• _TASK TO CARRY OUT_
Locate the line that contains "Traitement orthodontique préalable". Copy it and every following line through the end of the records, exactly, and include nothing else.

• _LISTED RECORDS_
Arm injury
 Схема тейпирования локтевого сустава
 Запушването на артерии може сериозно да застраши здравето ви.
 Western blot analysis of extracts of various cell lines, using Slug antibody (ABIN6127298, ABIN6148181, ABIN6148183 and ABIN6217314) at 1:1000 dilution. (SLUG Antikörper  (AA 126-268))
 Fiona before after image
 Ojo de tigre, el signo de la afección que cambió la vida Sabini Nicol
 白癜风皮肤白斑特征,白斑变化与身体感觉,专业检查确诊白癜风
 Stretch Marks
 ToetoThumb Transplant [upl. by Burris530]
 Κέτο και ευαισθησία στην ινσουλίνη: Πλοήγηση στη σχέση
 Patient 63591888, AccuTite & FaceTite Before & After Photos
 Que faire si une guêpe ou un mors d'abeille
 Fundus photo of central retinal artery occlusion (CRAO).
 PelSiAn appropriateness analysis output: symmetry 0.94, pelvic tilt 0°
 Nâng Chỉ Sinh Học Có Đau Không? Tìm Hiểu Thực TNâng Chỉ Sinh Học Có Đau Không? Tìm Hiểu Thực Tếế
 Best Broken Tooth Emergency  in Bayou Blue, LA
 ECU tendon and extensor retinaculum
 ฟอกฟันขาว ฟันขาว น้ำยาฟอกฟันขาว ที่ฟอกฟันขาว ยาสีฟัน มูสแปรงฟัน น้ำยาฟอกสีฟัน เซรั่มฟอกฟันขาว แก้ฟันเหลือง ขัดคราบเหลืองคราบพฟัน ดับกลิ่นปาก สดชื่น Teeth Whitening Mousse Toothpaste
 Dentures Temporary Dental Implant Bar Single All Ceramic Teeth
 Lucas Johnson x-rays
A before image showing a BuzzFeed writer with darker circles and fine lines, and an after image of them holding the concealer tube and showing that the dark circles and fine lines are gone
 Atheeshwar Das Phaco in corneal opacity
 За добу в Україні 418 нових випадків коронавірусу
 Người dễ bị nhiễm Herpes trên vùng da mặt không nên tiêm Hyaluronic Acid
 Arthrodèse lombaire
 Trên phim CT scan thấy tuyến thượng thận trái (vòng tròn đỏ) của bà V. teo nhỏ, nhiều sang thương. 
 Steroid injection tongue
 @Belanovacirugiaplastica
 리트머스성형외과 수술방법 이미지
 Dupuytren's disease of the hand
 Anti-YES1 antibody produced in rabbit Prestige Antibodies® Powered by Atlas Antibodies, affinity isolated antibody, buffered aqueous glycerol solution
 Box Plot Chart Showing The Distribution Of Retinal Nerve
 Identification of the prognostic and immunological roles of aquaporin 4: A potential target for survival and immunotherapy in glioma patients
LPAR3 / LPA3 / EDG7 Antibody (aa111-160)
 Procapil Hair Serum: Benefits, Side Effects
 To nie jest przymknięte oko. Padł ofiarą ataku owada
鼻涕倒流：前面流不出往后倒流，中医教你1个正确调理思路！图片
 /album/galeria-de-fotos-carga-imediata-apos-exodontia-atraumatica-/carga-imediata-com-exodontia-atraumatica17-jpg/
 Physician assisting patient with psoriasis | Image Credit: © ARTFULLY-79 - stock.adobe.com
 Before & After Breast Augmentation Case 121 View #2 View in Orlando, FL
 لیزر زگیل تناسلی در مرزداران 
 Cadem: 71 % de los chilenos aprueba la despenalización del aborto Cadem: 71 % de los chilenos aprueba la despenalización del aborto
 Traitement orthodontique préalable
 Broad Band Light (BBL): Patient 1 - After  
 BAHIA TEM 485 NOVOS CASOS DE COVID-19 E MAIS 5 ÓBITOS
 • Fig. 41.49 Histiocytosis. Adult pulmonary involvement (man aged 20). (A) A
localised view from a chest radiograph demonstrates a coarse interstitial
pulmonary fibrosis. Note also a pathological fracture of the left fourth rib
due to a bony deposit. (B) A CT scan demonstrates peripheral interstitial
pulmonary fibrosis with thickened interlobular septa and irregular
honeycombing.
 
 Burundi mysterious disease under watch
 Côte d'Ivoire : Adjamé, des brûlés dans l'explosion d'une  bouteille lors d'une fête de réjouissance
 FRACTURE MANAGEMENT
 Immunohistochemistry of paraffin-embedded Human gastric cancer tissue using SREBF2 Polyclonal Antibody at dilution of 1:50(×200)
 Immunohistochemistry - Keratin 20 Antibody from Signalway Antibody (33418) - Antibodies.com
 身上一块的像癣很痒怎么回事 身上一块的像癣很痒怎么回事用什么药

• _COMPLETED EXERCISE_
 Traitement orthodontique préalable
 Broad Band Light (BBL): Patient 1 - After  
 BAHIA TEM 485 NOVOS CASOS DE COVID-19 E MAIS 5 ÓBITOS
 • Fig. 41.49 Histiocytosis. Adult pulmonary involvement (man aged 20). (A) A
localised view from a chest radiograph demonstrates a coarse interstitial
pulmonary fibrosis. Note also a pathological fracture of the left fourth rib
due to a bony deposit. (B) A CT scan demonstrates peripheral interstitial
pulmonary fibrosis with thickened interlobular septa and irregular
honeycombing.
 
 Burundi mysterious disease under watch
 Côte d'Ivoire : Adjamé, des brûlés dans l'explosion d'une  bouteille lors d'une fête de réjouissance
 FRACTURE MANAGEMENT
 Immunohistochemistry of paraffin-embedded Human gastric cancer tissue using SREBF2 Polyclonal Antibody at dilution of 1:50(×200)
 Immunohistochemistry - Keratin 20 Antibody from Signalway Antibody (33418) - Antibodies.com
 身上一块的像癣很痒怎么回事 身上一块的像癣很痒怎么回事用什么药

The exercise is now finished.